Work, Energy, and Power

Introduction

We have explored how forces change an object’s velocity over a specific timeline. Now, we expand our diagnostic framework to observe what happens when a force acts on an object over a physical distance. Consider pulling a heavy luggage case across an airport terminal floor. You exert structural effort, your muscles burn chemical fuel, and the case speeds up.

In everyday conversation, we call this “hard work.” In physics, however, Work is a rigorous bookkeeping mechanism. It quantifies the precise mechanism by which energy is transferred from one distinct macroscopic store to another. Energy is not a physical object you can hold; it is a fundamental scalar property representing a system’s capacity to do work.

Key Concepts

1. Work Done by a Constant Force

Work is done only when a force causes a displacement along the same line of action as the force itself. If a force is applied at an angle to the direction of motion, only the parallel component of that vector performs mechanical work.

W = F * s * cos(θ)

Where: W = work done (Joules, J), F = magnitude of the force (N), s = displacement of the object (m), and θ = the angle between the force and displacement vectors.
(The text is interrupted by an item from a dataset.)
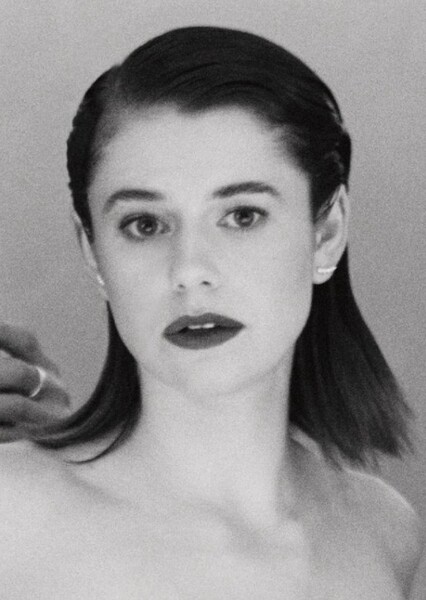 Alison Oliver photo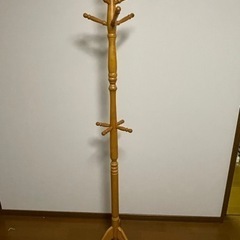 木製のポールハンガー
• Positive Work (0° ≤ θ < 90°): The force has a component in the direction of motion, adding mechanical energy to the object (e.g., an engine pulling a train).
• Zero Work (θ = 90°): The force acts perpendicular to the displacement. It changes the object’s direction but does no work and transfers zero energy (e.g., the orbital centripetal gravitational pull on a satellite).
• Negative Work (90° < θ ≤ 180°): The force directly opposes motion, removing mechanical energy from the system and turning it into thermal energy (e.g., kinetic friction braking a vehicle).

2. Work Done by a Variable Force

If a force changes in magnitude as an object moves (such as compressing a spring), you cannot simply multiply the final force by the distance. On a Force–Displacement (F-s) graph, the total mechanical work done is represented by the total area enclosed underneath the curve.

3. Kinetic Energy and the Work-Energy Theorem

• Kinetic Energy (Ek): The energy a body possesses purely due to its state of motion. It is derived directly from the work required to accelerate a point mass from absolute rest to a target velocity v.

Ek = 0.5 * m * v²

• The Work-Energy Theorem: The net external mechanical work performed on a rigid body is completely identical to the net change in that body’s kinetic energy store.

Wnet = ΔEk = Ek_final - Ek_initial

4. Potential Energy Stores

Potential energy is energy stored within a system due to the spatial configuration or relative positions of its parts.

• Gravitational Potential Energy (Ep): Stored when a mass is lifted vertically against a uniform gravitational field.

  Ep = m * g * h

  Where: m = mass (kg), g = gravitational field strength (9.81 m s⁻²), and h = vertical change in height (m).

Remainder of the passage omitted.